When you reach the line that contains "thumbnail image 1", begin copying exactly and continue through the last line below. Do not copy pictures.

#### Dataset excerpt:
----------
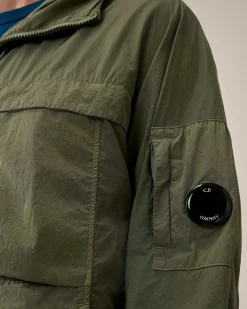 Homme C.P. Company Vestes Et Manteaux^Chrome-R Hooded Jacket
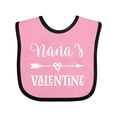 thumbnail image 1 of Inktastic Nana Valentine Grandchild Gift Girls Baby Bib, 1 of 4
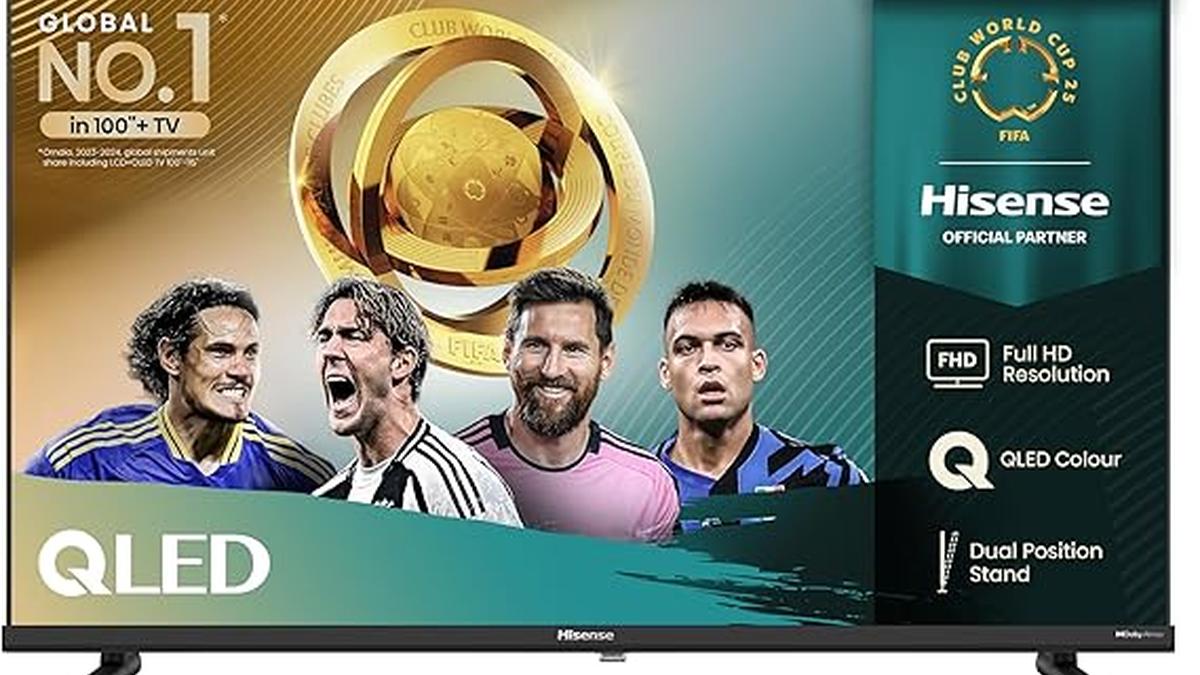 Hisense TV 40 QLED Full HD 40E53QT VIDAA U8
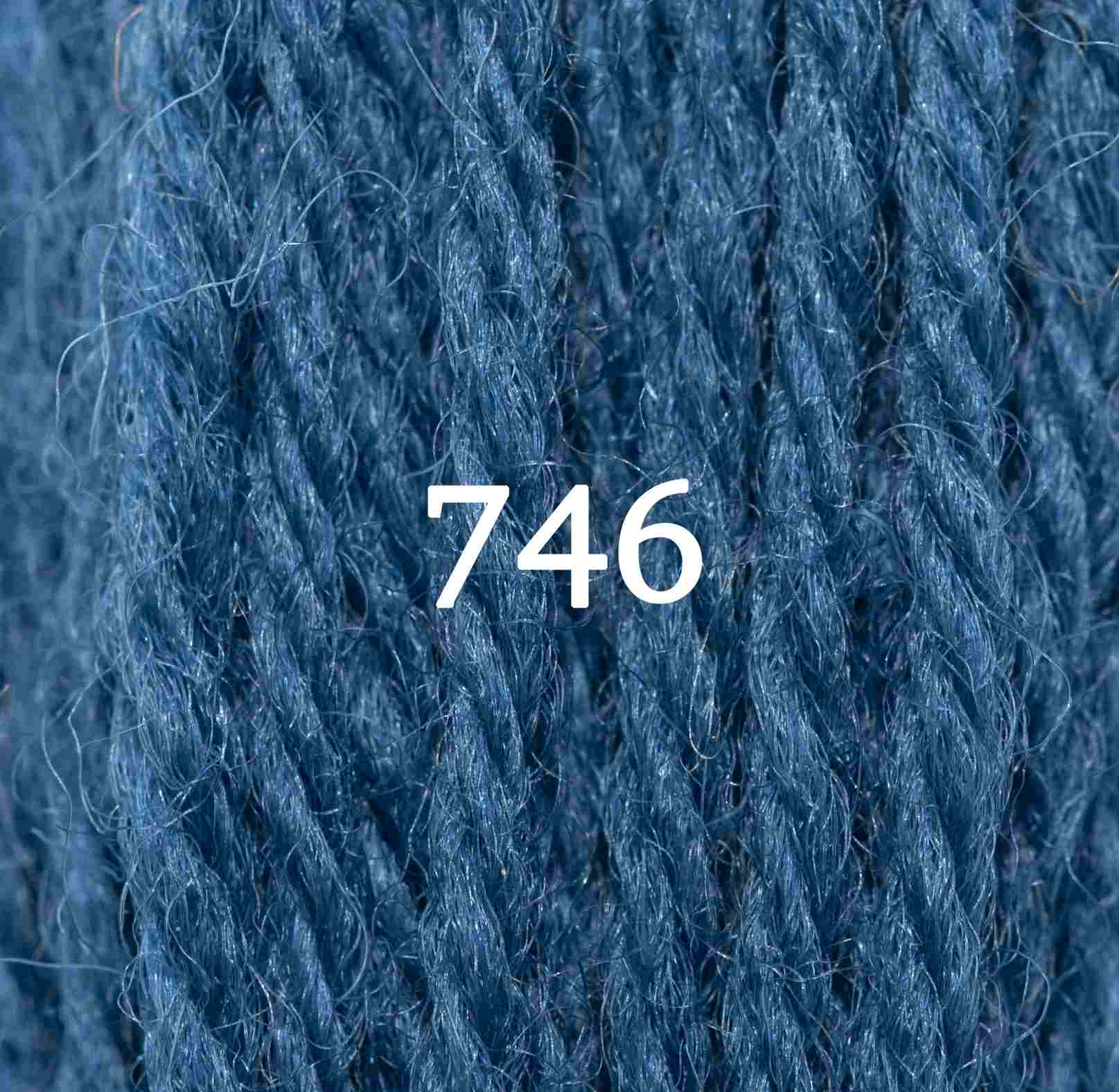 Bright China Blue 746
----------
#### Exercise response:
 thumbnail image 1 of Inktastic Nana Valentine Grandchild Gift Girls Baby Bib, 1 of 4
 Hisense TV 40 QLED Full HD 40E53QT VIDAA U8
 Bright China Blue 746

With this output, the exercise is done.